### REQUIRED WORK
Only one stretch of the listing below is wanted. Give it again exactly, from the line with "A vintage mid" through the line with "A creme puff".

### PROVIDED RECORDS
——

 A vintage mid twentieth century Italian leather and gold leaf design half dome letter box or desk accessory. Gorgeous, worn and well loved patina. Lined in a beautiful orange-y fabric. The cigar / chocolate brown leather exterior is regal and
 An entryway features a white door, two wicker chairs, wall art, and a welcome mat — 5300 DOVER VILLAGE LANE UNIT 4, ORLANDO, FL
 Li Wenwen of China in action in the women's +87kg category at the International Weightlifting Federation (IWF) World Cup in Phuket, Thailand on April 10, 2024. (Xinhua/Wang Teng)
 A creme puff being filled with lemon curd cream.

——

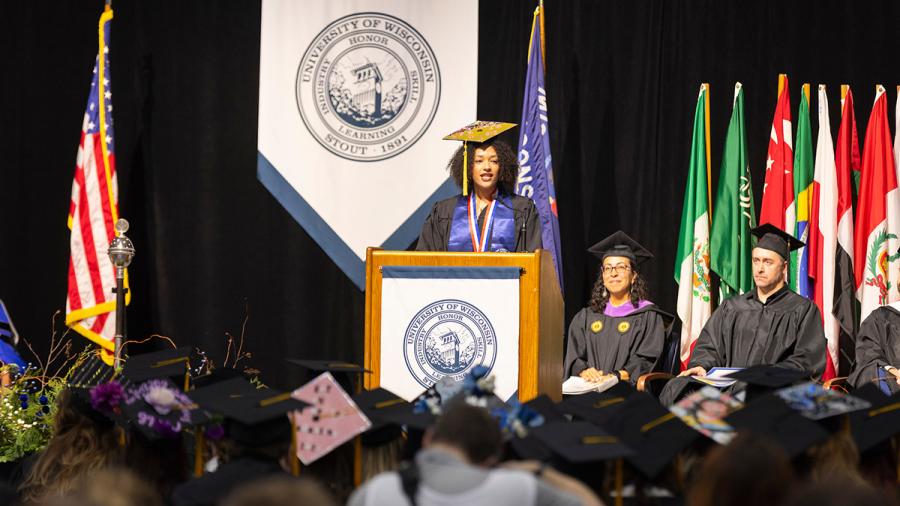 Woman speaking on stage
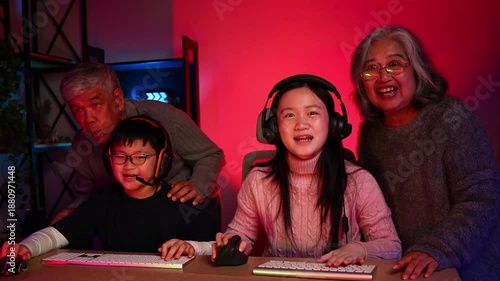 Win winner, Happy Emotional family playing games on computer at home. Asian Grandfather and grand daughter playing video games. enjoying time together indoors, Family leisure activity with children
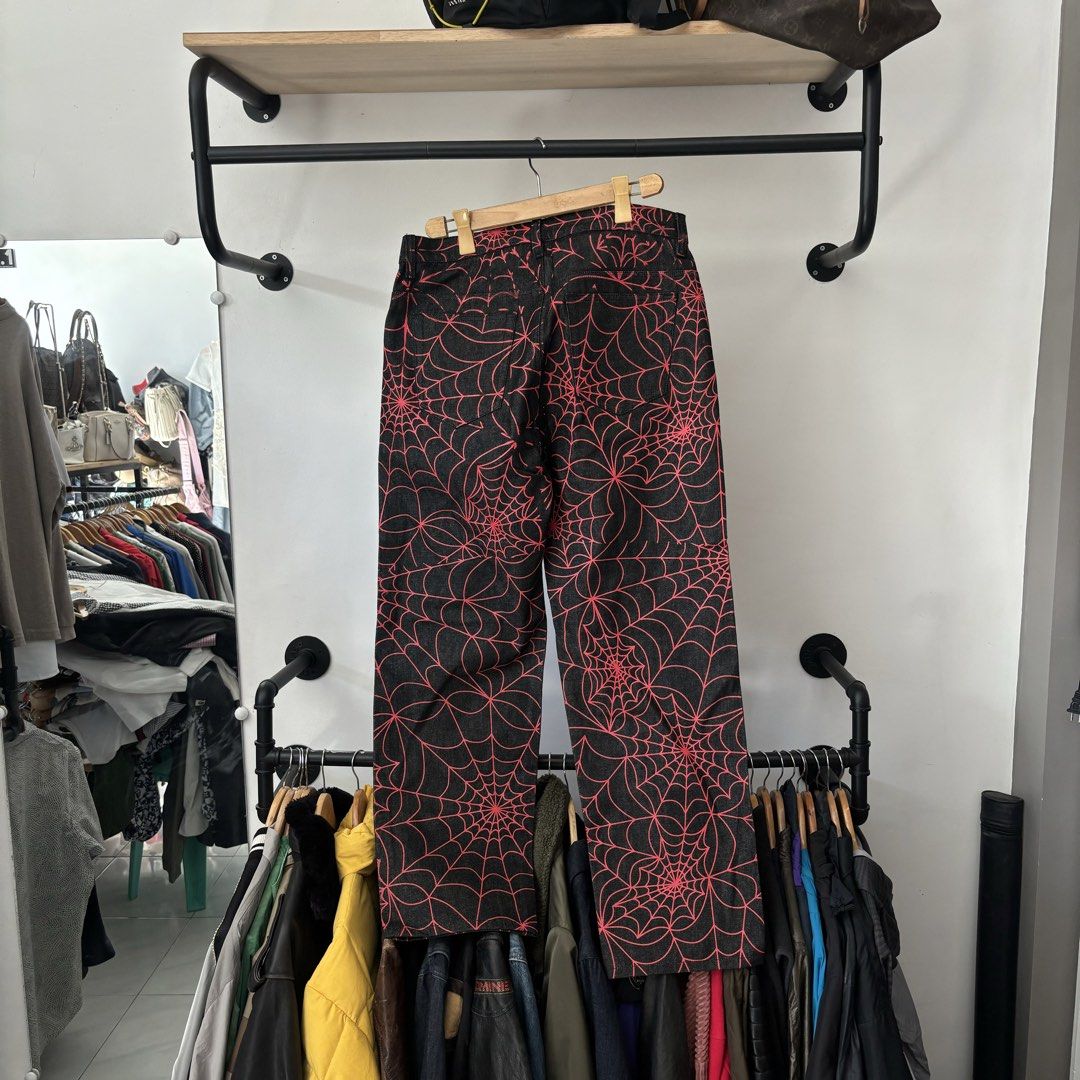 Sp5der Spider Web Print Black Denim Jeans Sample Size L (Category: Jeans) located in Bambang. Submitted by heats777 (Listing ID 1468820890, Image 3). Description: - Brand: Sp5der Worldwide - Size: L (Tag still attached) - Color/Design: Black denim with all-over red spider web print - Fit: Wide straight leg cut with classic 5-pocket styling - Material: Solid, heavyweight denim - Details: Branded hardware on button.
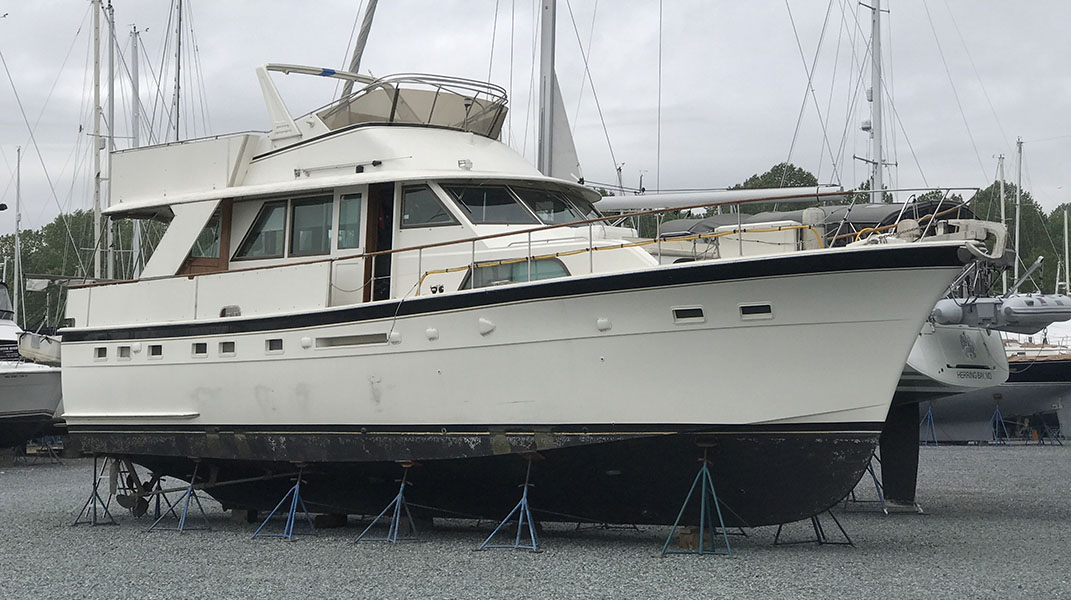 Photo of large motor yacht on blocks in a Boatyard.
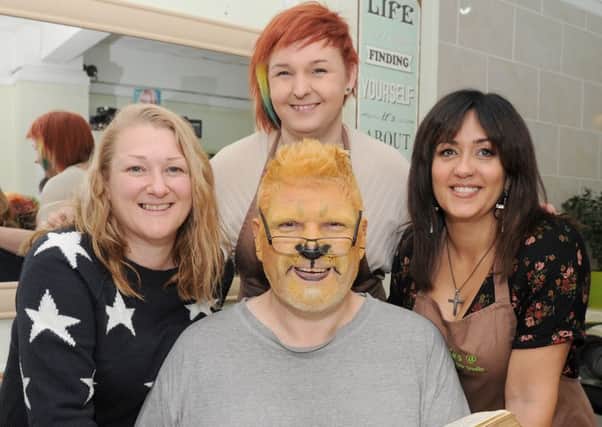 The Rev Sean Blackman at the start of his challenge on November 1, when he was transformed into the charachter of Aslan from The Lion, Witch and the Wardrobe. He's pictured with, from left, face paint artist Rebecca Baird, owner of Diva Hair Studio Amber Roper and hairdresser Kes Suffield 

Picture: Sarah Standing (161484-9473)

——

### RESPONSE AREA
 A vintage mid twentieth century Italian leather and gold leaf design half dome letter box or desk accessory. Gorgeous, worn and well loved patina. Lined in a beautiful orange-y fabric. The cigar / chocolate brown leather exterior is regal and
 An entryway features a white door, two wicker chairs, wall art, and a welcome mat — 5300 DOVER VILLAGE LANE UNIT 4, ORLANDO, FL
 Li Wenwen of China in action in the women's +87kg category at the International Weightlifting Federation (IWF) World Cup in Phuket, Thailand on April 10, 2024. (Xinhua/Wang Teng)
 A creme puff being filled with lemon curd cream.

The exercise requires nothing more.